== Work to complete ==
Beginning with the line of the entries below that holds "Tactical 30mm/1inch Fixed" and ending with the line that holds "Lab Manual on Plant Protection", transcribe each line exactly as written. Pictures stay out.

== Given data ==
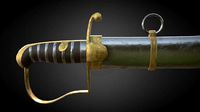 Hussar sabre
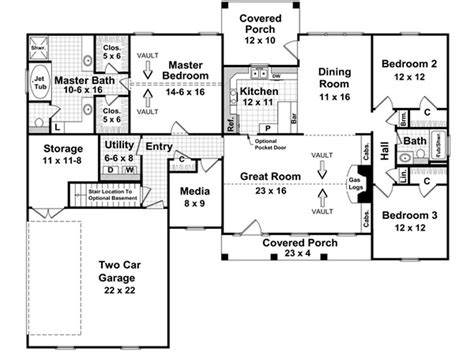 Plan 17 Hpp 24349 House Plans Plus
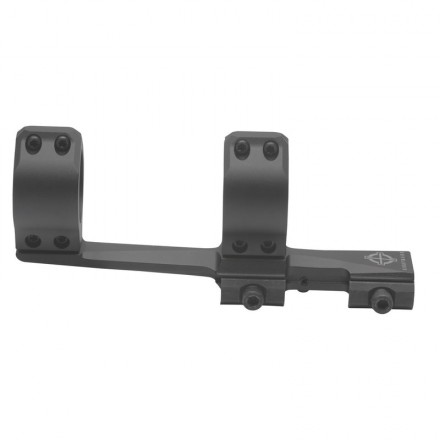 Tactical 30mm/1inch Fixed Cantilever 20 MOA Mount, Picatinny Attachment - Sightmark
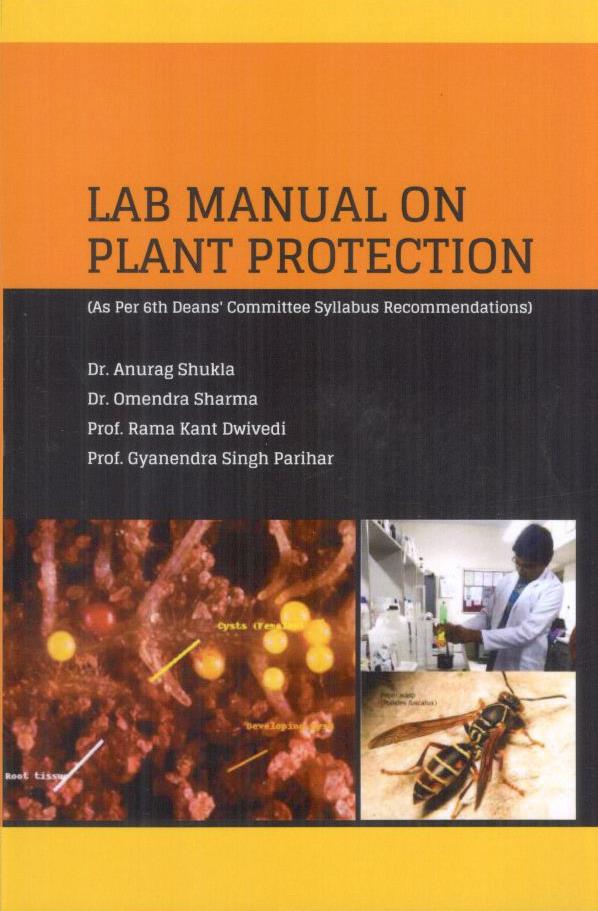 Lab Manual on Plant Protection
---
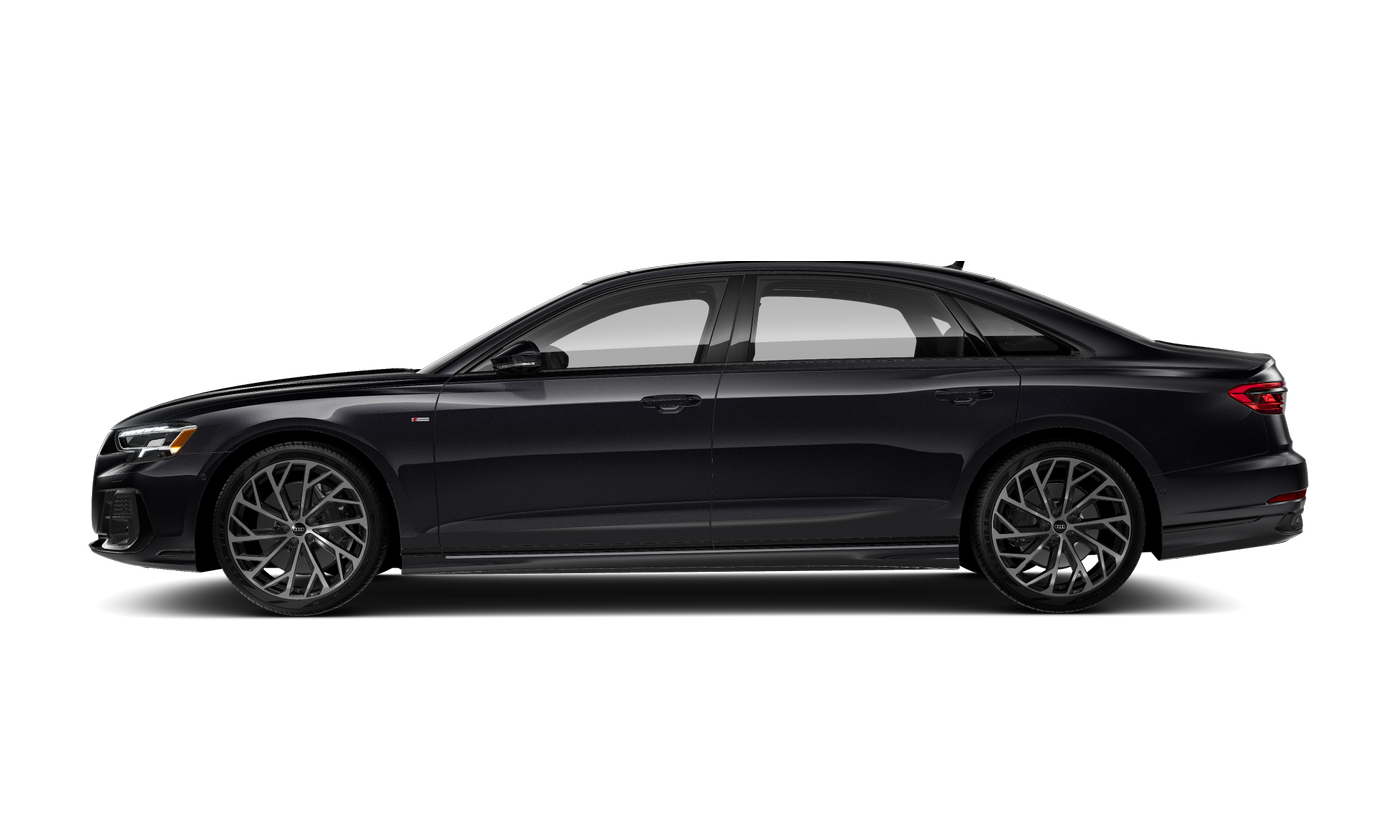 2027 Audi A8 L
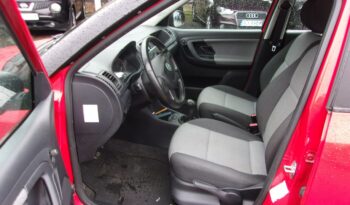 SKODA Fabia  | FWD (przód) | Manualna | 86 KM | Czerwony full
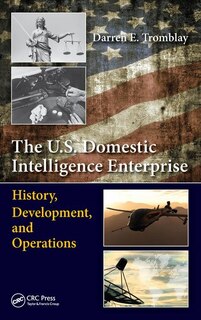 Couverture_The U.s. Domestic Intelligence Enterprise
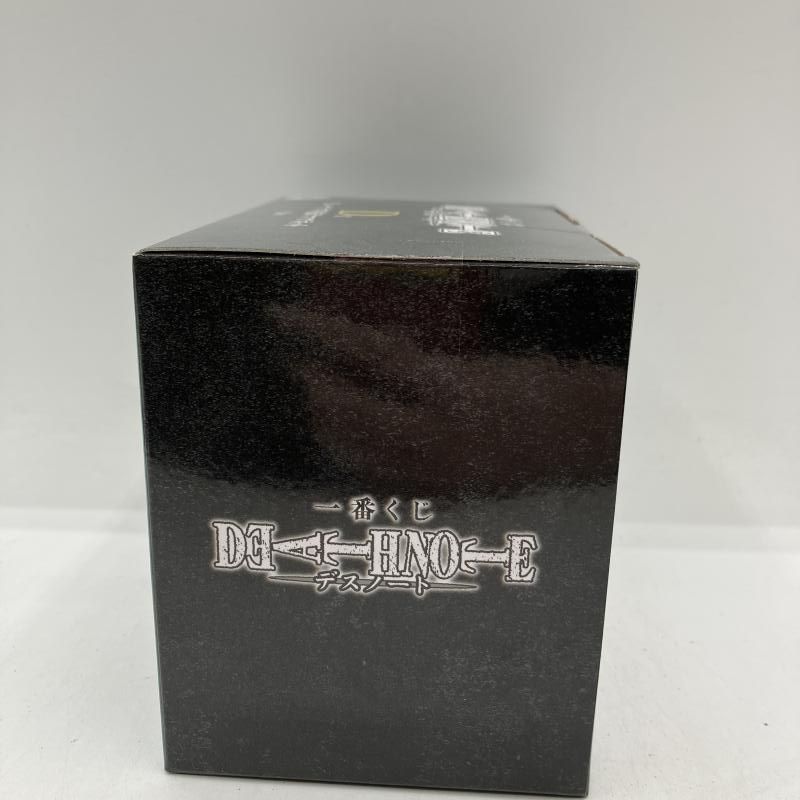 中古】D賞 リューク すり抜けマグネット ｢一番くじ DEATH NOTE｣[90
==
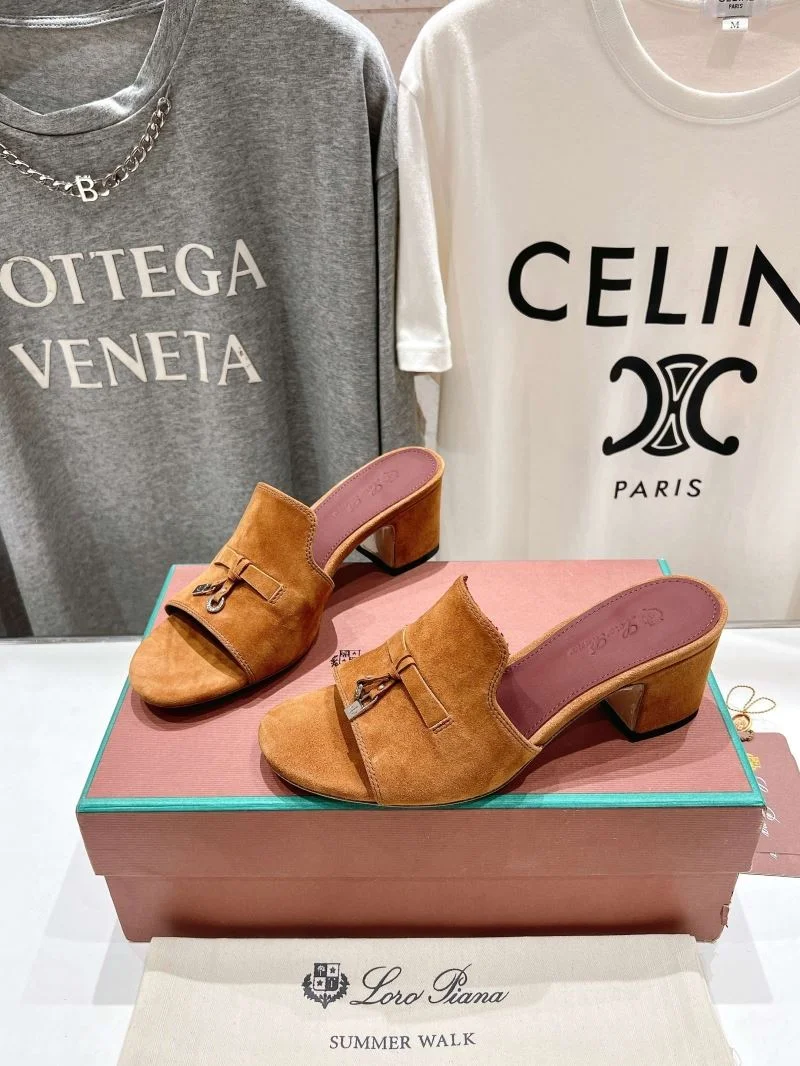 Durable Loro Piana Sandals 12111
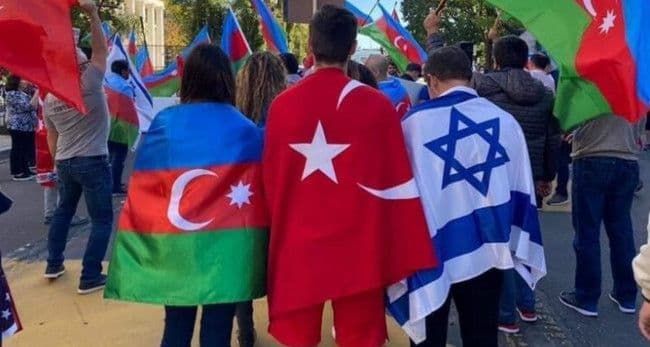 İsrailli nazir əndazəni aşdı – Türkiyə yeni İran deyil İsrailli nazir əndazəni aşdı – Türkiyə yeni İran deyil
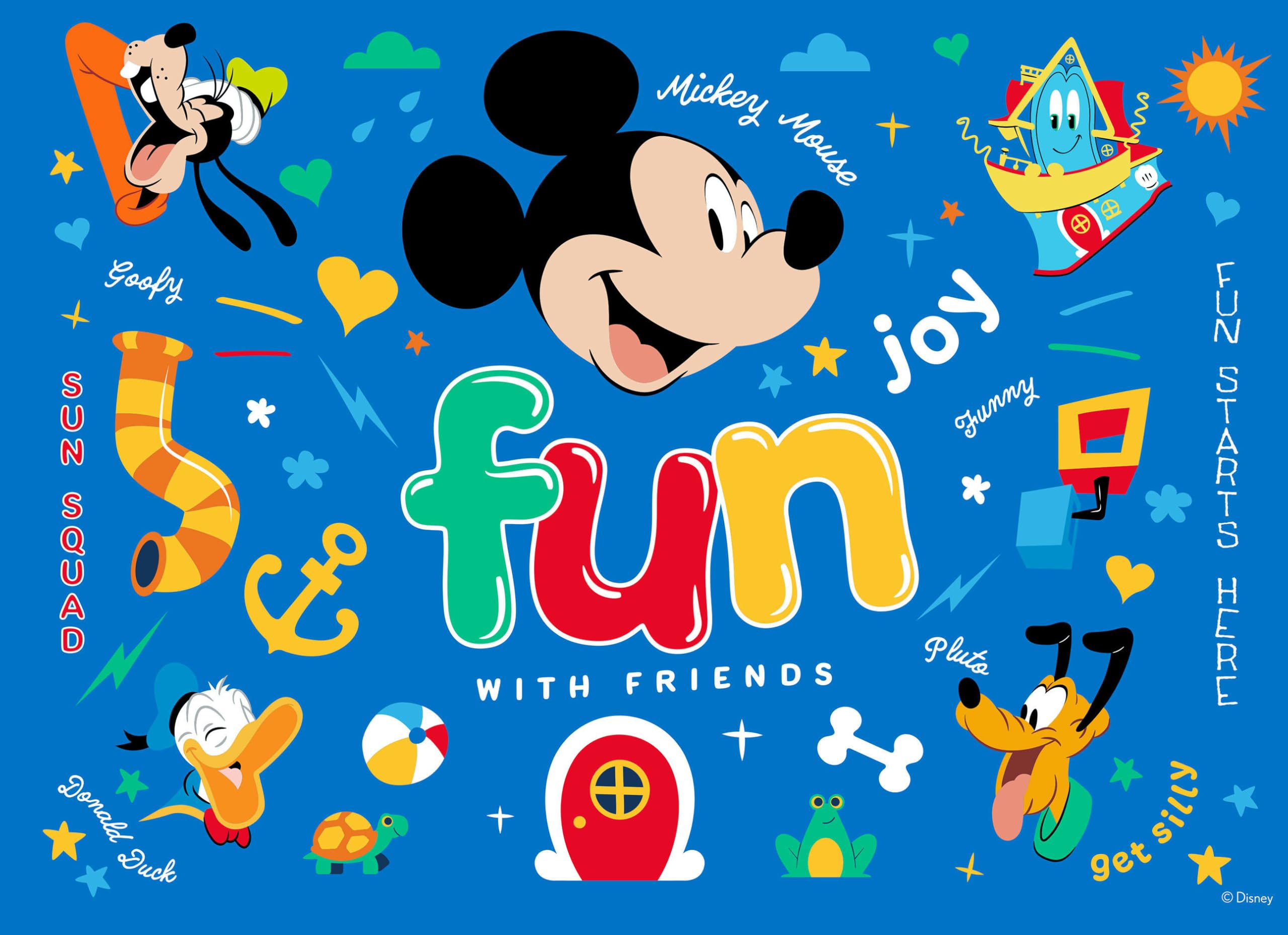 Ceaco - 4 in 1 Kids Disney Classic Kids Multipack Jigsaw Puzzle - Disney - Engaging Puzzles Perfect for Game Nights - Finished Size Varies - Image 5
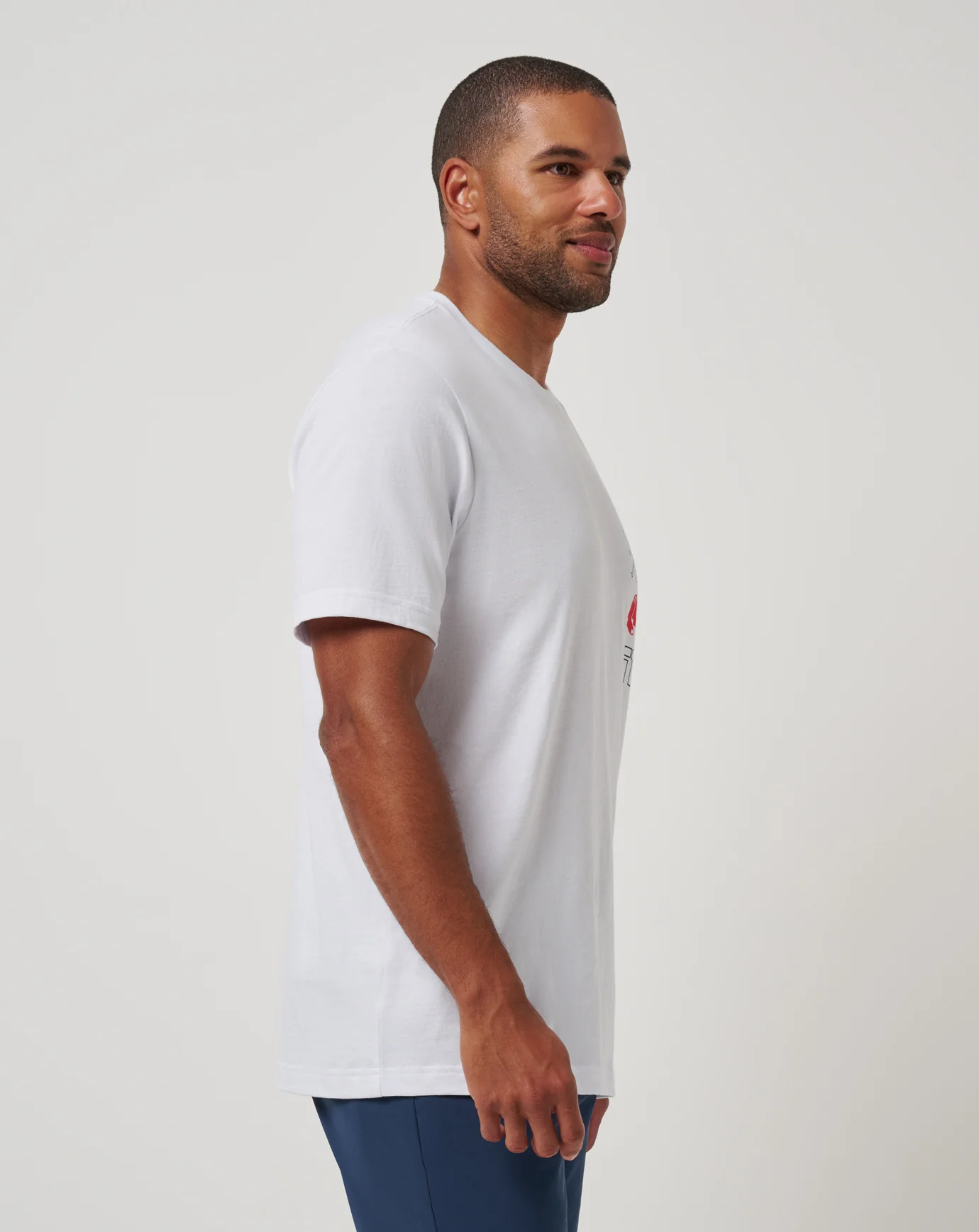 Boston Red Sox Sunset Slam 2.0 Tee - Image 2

== Task result ==
 Tactical 30mm/1inch Fixed Cantilever 20 MOA Mount, Picatinny Attachment - Sightmark
 Lab Manual on Plant Protection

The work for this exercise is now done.